- Born: Philip C. Kaufman April 26, 1935 (age 91) Oceanside, New York, U.S.
- Genres: Country; rock; soul; R&B; blues;
- Occupations: Record producer, tour manager, author

= Phil Kaufman (producer) =

American music producer and manager

Philip C. Kaufman (born April 26, 1935) is an American record producer, tour manager, and author. He has been referred to as one of the most infamous tour managers in music history. Kaufman worked with Gram Parsons, The Rolling Stones, Emmylou Harris, Joe Cocker, Frank Zappa, Hank Williams III and Etta James, among others.

==Early life==
Kaufman was born in Oceanside, New York. His father had been involved with show business which involved vaudeville and big band. Kaufman joined the Air Force in 1952 and served for four years, which included time in the Korean War with the 37th Bomb Squadron. Kaufman had previously acted in Hollywood, with bit parts in Spartacus, Riot in Juvenile Prison, and Pork Chop Hill, among others, before a felony marijuana smuggling conviction in the mid 1960s. He left Terminal Island Prison in 1968.

==Managing career==
After getting out of prison, he was offered a job driving for Mick Jagger and Marianne Faithfull, who were in Los Angeles at the time for the mixing of Beggars Banquet.

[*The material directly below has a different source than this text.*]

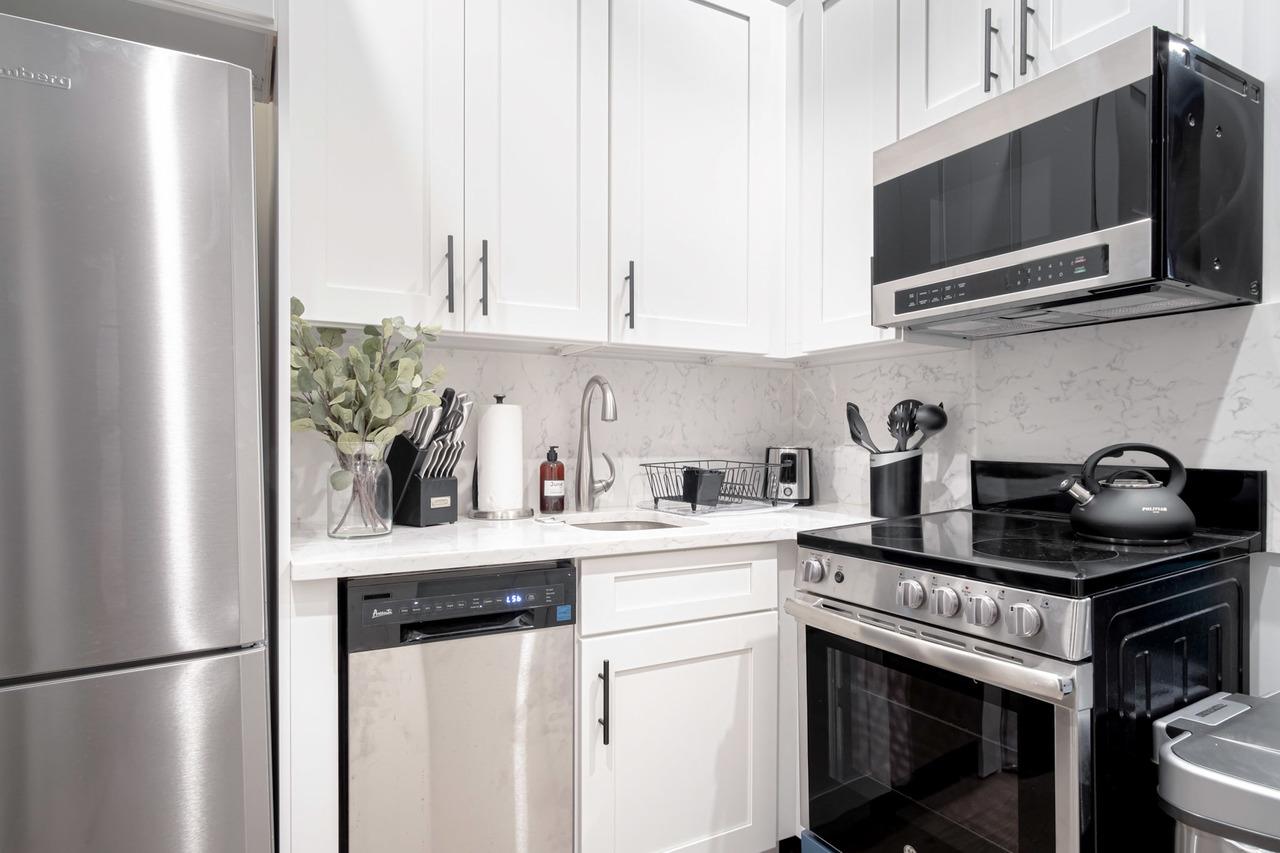 a room in Morningside Heights photo 3
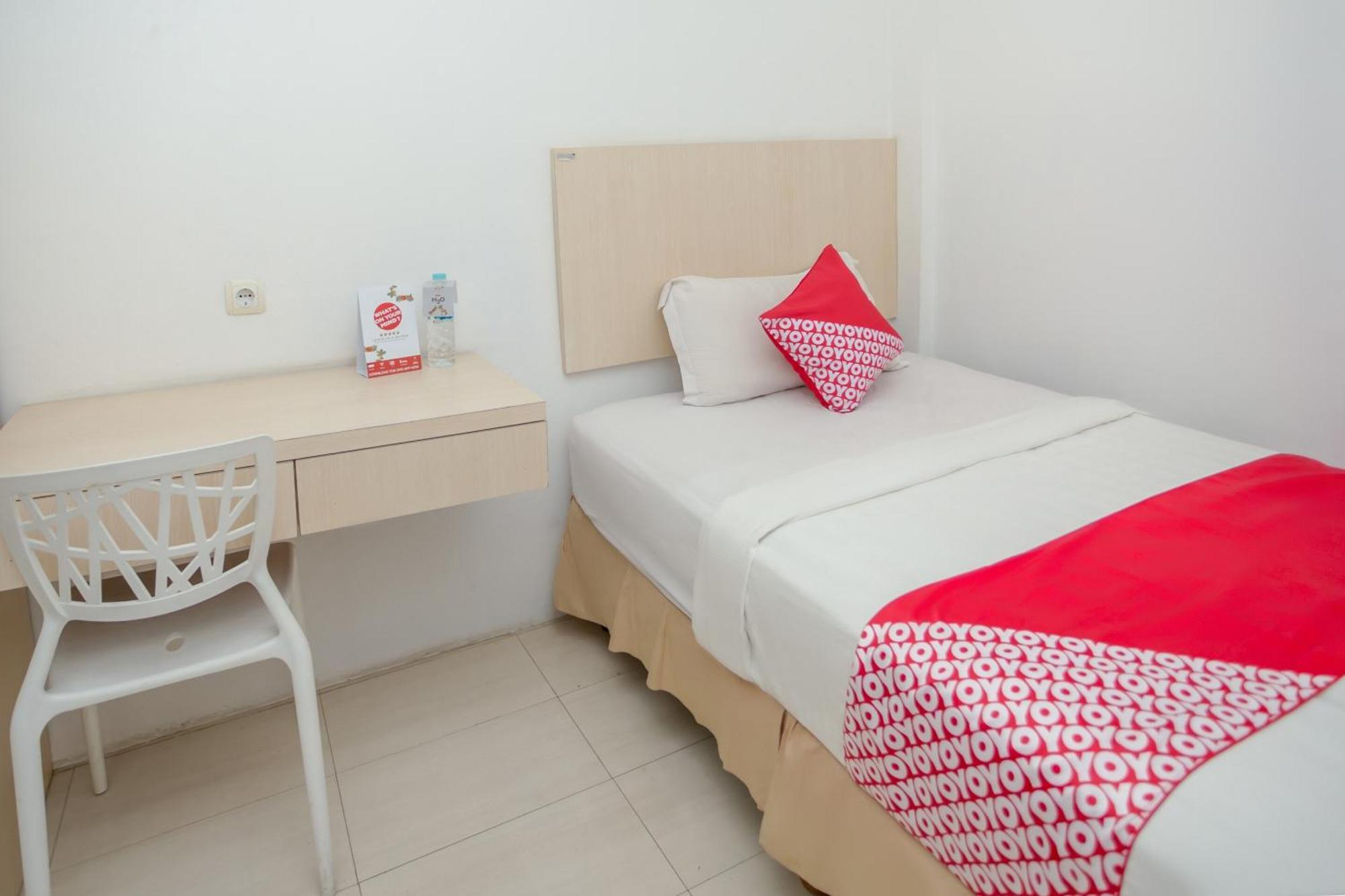 Hotel Oyo 850 Lapan Lapan Banjarmasin  Zewnętrze zdjęcie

Kaufman's first musical role was as the driver and assistant to The Rolling Stones during the recording of Beggar's Banquet, referred to by Mick Jagger as his "executive nanny".

Through Keith Richards, Kaufman met Gram Parsons, and agreed to tour manage his group The Flying Burrito Brothers, although he had no prior tour managing experience. Kaufman also served as tour manager for Parsons' post-Flying Burrito Brothers group, Gram Parsons and the Fallen Angels. One of Kaufman's tasks was to help Parsons stay away from drugs, and to limit his alcohol intake. Parsons even stayed at Kaufman's house when his relationship with his wife deteriorated. In July 1973, Parsons expressed his final wish to Kaufman: to be cremated and buried at Joshua Tree National Monument.

On September 19, 1973, Parsons died of an overdose of morphine and alcohol. Though Parsons' stepfather Bob wanted to bury him in New Orleans in a private ceremony, Kaufman and Parsons’ assistant Michael Martin stole Parsons' body from Los Angeles International Airport and drove it to the Cap Rock section of Joshua Tree National Park. Kaufman poured gallons of gasoline on the casket and threw a lit match, which resulted in a fireball. Parsons' partially-cremated remains were buried in New Orleans, while Kaufman and Martin were each given thirty-day suspended jail sentences, fined $300 each for misdemeanor theft and charged $708 for funeral home expenses. The theft was later chronicled in the film Grand Theft Parsons with Johnny Knoxville playing Kaufman. Kaufman once said that "Dying was a great career move for Gram."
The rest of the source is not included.